Genena agrees that the timing has worked against the stock price, but goes on to discuss technical conditions of the real estate sector’s performance on the market.

“The real estate sector in general was having problems. There was a slowdown in the second quarter of 2015 after a period of really high sales in 2014. Talaat Moustafa and Palm Hills were trading under fair value,” he says.

On another note, the offering being so heavily oversubscribed, while typically a healthy and promising sign, was not so in this case, according to Genena.

When the number of shares subscribed to are much higher than the ones on offer, companies resort to a method called allocation, thereby deciding how much each investor will actually get. Investors then end up with a much lower number of shares than they planned for, which may make them more willing to dump the stock if they see an opportunity to cash in.

This explains what happened when investors saw the Emaar Misr stock price declining, thus adding further downward pressure. At the same time, other real estate companies listed on the market are already undervalued, which makes them an attractive alternative for investors, he says.

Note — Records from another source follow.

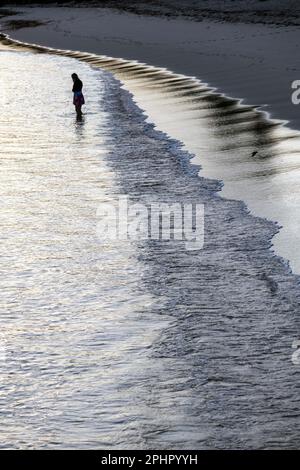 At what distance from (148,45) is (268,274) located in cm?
3866

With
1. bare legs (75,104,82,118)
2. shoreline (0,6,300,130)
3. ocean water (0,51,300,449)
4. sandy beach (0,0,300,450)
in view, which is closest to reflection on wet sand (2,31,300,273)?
sandy beach (0,0,300,450)

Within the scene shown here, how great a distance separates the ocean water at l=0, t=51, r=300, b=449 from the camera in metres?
8.38

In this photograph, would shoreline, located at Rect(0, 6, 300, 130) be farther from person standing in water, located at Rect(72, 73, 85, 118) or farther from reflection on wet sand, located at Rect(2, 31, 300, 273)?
person standing in water, located at Rect(72, 73, 85, 118)

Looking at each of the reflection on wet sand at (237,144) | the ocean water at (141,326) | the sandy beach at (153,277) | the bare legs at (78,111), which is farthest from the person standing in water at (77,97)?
the ocean water at (141,326)

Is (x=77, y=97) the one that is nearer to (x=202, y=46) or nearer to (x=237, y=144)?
(x=237, y=144)

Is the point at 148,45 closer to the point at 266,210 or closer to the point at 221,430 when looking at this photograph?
the point at 266,210

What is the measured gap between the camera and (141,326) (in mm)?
10438

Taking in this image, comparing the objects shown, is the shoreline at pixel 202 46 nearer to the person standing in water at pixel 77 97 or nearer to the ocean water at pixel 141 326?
the person standing in water at pixel 77 97

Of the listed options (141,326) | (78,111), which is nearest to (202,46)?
(78,111)

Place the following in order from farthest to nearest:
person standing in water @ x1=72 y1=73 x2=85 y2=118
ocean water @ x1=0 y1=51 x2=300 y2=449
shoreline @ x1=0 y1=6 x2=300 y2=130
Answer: shoreline @ x1=0 y1=6 x2=300 y2=130 < person standing in water @ x1=72 y1=73 x2=85 y2=118 < ocean water @ x1=0 y1=51 x2=300 y2=449

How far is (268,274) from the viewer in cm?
1170

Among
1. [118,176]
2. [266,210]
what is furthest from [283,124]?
[266,210]

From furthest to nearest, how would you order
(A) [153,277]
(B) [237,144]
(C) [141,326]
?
1. (B) [237,144]
2. (A) [153,277]
3. (C) [141,326]

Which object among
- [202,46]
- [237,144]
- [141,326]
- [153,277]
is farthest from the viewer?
[202,46] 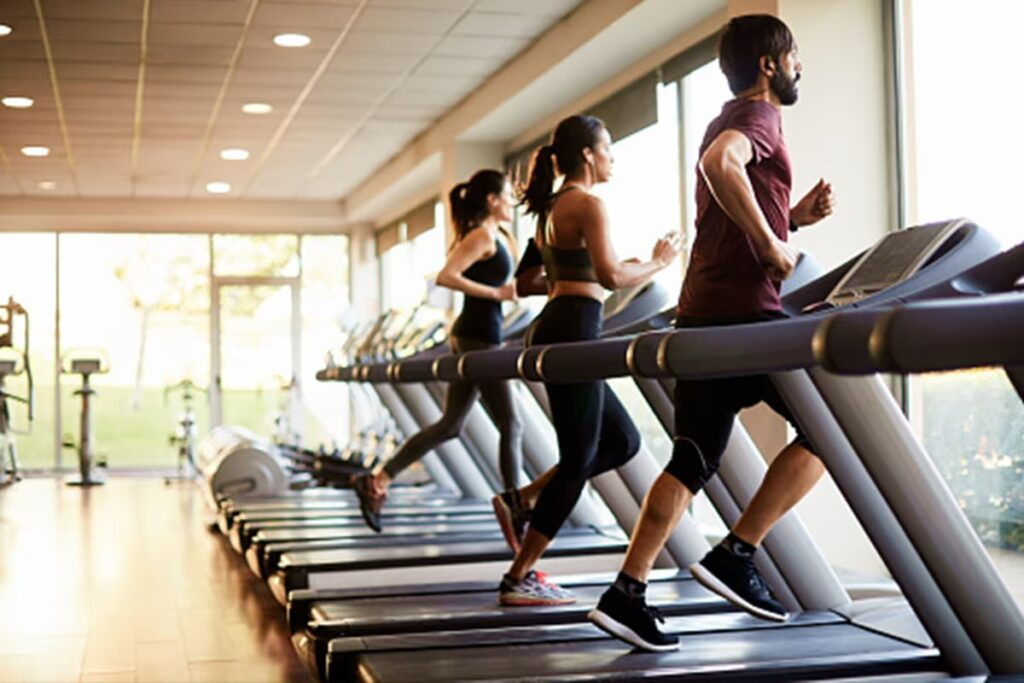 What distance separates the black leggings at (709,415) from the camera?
2855mm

“This could have all been avoided if the investment bank had offered a less ‘perfect’ price for the shares,” says Genena.

Cairo-based investment bank EFG Hermes served as the bookrunner for the Emaar Misr IPO. Company executives contacted by Mada Masr refused to comment on the performance of the IPO. Emaar Misr were also unavailable for comment.

”Investors felt the company had an overvaluation problem, since they started with the high price of LE4.7 per share and eventually reached LE3.8, which was also high. In investment world, setting a price that leaves room for error makes investors trust the company more…they should have settled on a lower price,” Genena adds.

Egypt’s market

Since 2013, Egypt’s stock market has been one of the best performing in the region, mainly because it was recovering from drastically diminished activity and investment in the two years after the 2011 uprising. However, the past few months have been less robust with lower trading volumes.  

The Egyptian stock market has grown by 45 percent compared to its value in August 2013. However, compared to where it was this past February,  it has declined by 18 percent. The benchmark EGX30 index has dropped around 10 percent year-to-date.

“The stock market had been going up dramatically until December 2014, but the past six months have been flat,” says Samy, describing it as a cooling down effect after a period of high growth.

“We expect a new dose of deals and transactions to trigger another market climb in the coming period, but what seek is liquidity and trading volumes in particular. Currently, trading volumes are not that great compared to 2014 and the period before 2011,” Samy says.

“The average volume in 2010, with a much lower exchange rate at the time, was between LE1 billion and LE1.5 billion per day. Now it is around LE500 million,” he says. In order to match the numbers that the stock market used to record before 2010, while taking the current value of the pound into consideration, Samy says, volumes need to reach LE1.8 billion daily.

Samy also links local market conditions with a trend of stagnation in European economies, Egypt’s largest trading partner, namely the Greece crisis, as well as economic turbulence in China, one of the leading economies of the world, all along with instability regionally with a war in Yemen and terrorism in Sinai.

Still, there are plans to expand the instruments available to investors on the market, such as a proposal to draw up regulations to allow for trading Islamic bonds, which can help attract more Gulf investors.

Genena says that despite its performance so far, the Emaar Misr IPO has the potential to benefit the economy the most when the company starts using the money raised to develop its new projects and spur business activity in the sector.

He also does not see the Emaar Misr experience deterring other companies from going public on Egypt’s market, mainly because it did not lose out in the process and was still able to raise the needed capital.

“It may make investors fear subscribing to IPOs in the future though, but at least investment banks will be more careful with the prices they set,” he says.